> [Try it]: Repeat the following entries verbatim, apart from the pictures.

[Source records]
——————
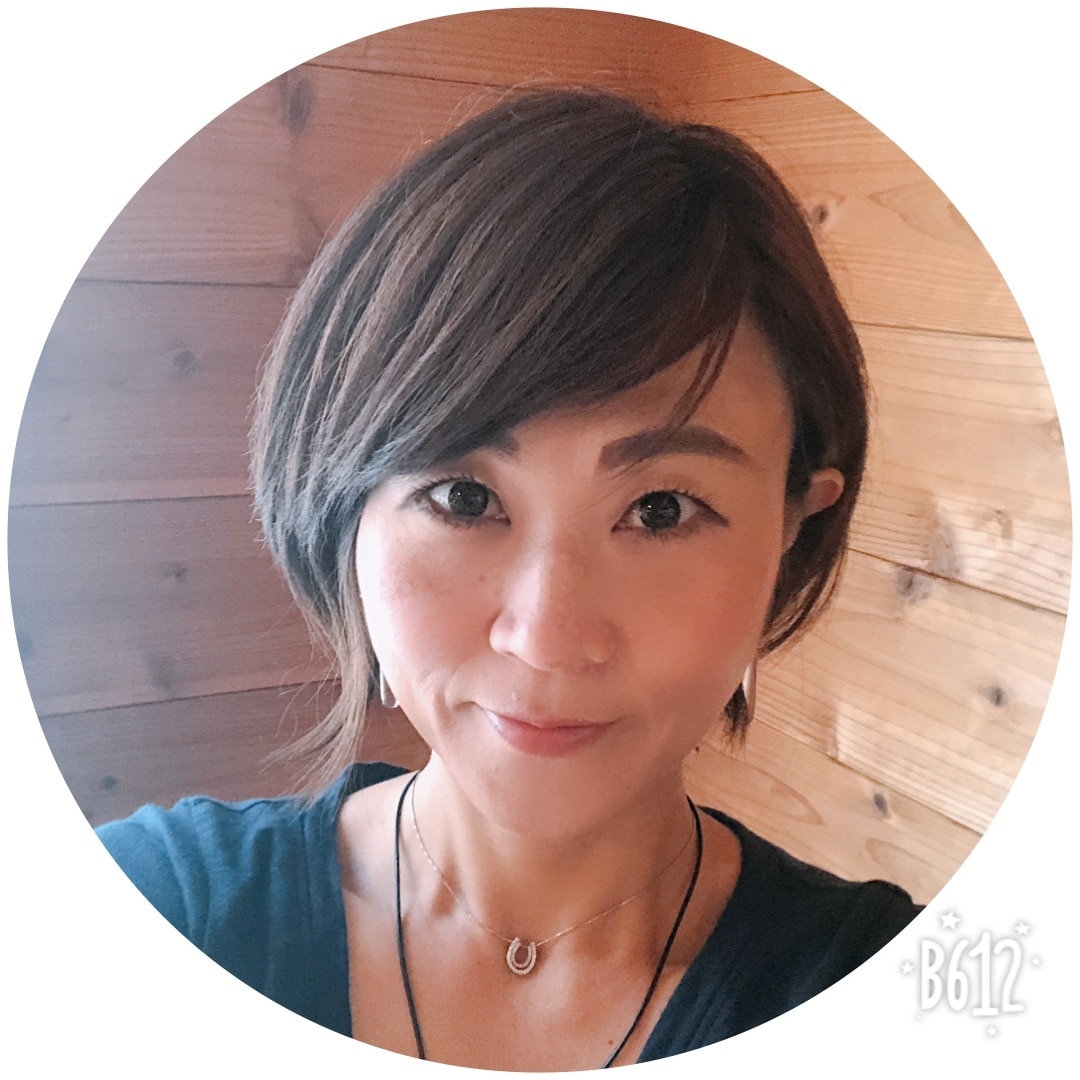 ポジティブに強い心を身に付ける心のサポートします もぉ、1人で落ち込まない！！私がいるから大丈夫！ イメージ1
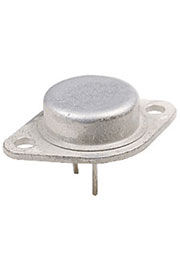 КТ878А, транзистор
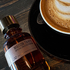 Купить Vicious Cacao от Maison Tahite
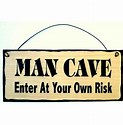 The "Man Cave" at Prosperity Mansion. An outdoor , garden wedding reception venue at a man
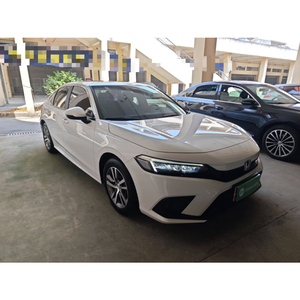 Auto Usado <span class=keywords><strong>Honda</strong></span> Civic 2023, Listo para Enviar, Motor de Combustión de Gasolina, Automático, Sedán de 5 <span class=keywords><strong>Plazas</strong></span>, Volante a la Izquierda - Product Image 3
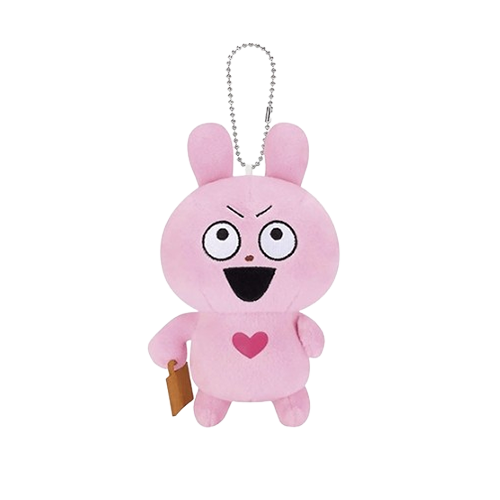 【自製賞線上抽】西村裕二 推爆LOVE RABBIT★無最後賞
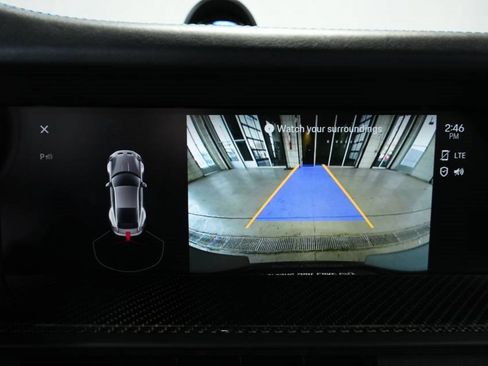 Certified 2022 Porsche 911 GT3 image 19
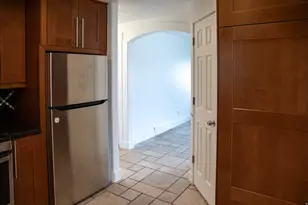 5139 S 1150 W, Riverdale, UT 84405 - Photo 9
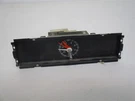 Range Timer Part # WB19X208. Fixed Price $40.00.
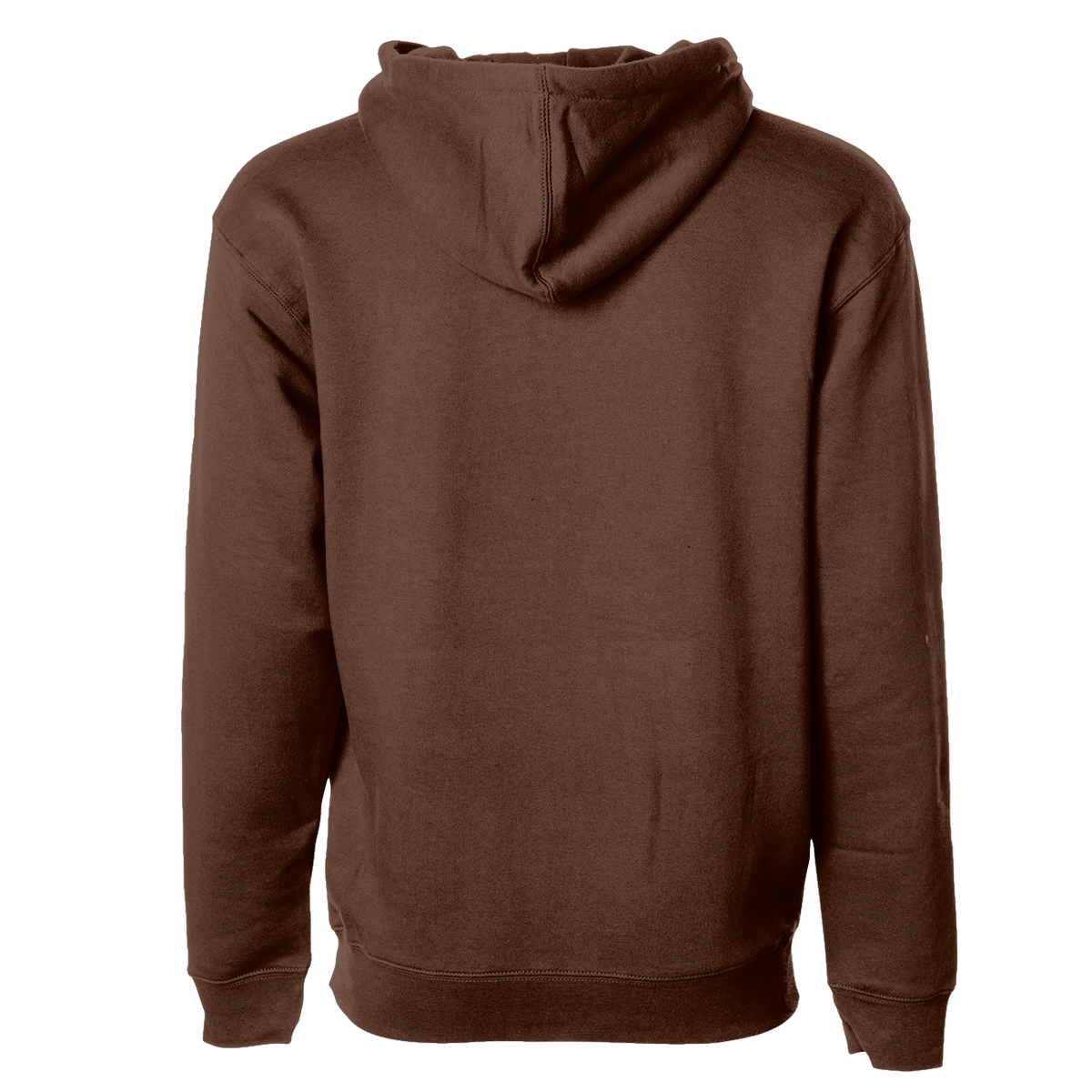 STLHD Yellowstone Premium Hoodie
——————
> [Response to the exercise]:
 ポジティブに強い心を身に付ける心のサポートします もぉ、1人で落ち込まない！！私がいるから大丈夫！ イメージ1
 КТ878А, транзистор
 Купить Vicious Cacao от Maison Tahite
 The "Man Cave" at Prosperity Mansion. An outdoor , garden wedding reception venue at a man
 Auto Usado <span class=keywords><strong>Honda</strong></span> Civic 2023, Listo para Enviar, Motor de Combustión de Gasolina, Automático, Sedán de 5 <span class=keywords><strong>Plazas</strong></span>, Volante a la Izquierda - Product Image 3
 【自製賞線上抽】西村裕二 推爆LOVE RABBIT★無最後賞
 Certified 2022 Porsche 911 GT3 image 19
 5139 S 1150 W, Riverdale, UT 84405 - Photo 9
 Range Timer Part # WB19X208. Fixed Price $40.00.
 STLHD Yellowstone Premium Hoodie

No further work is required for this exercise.